Pinot uses dictionary encoding to store values as a dictionary ID. Columns may be configured to be “no-dictionary” column in which case raw values are stored. Dictionary IDs are encoded using minimum number of bits for efficient storage (e.g. a column with a cardinality of 3 will use only 2 bits for each dictionary ID).
A forward index is built for each column and compressed for efficient memory use. In addition, you can optionally configure inverted indices for any set of columns. Inverted indices take up more storage, but improve query performance. Specialized indexes like Star-Tree index are also supported. For more details, see Indexing.
Creating a segment
Once the table is configured, we can load some data. Loading data involves generating pinot segments from raw data and pushing them to the pinot cluster. Data can be loaded in batch mode or streaming mode. For more details, see the ingestion overview page.
Below are instructions to generate and push segments to Pinot via standalone scripts. For a production setup, you should use frameworks such as Hadoop or Spark. For more details on setting up data ingestion jobs, see Import Data.
Job Spec YAML
To generate a segment, we need to first create a job spec YAML file. This file contains all the information regarding data format, input data location, and pinot cluster coordinates. Note that this assumes that the controller is RUNNING to fetch the table config and schema. If not, you will have to configure the spec to point at their location. For full configurations, see Ingestion Job Spec.

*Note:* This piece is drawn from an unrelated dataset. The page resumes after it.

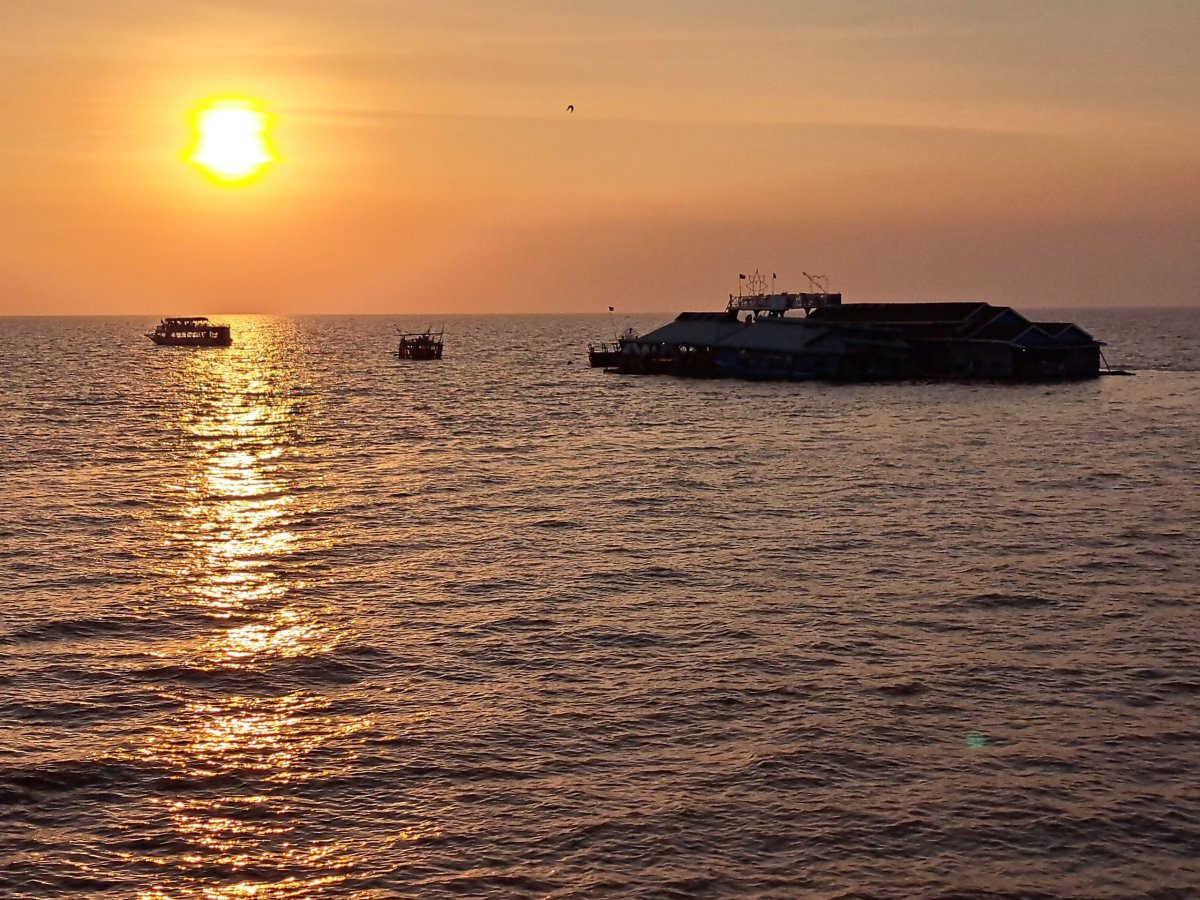 Tonlé Sap západ slunce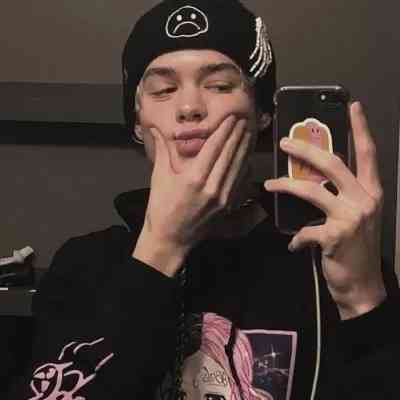 20岁男生改网名好吗 第1张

Alternately, you can separately create and then push, by changing the jobType to SegmentCreation or SegmenTarPush.
Templating Ingestion Job Spec
The Ingestion job spec supports templating with Groovy Syntax.
This is convenient if you want to generate one ingestion job template file and schedule it on a daily basis with extra parameters updated daily.
e.g. you could set inputDirURI with parameters to indicate the date, so that the ingestion job only processes the data for a particular date. Below is an example that templates the date for input and output directories.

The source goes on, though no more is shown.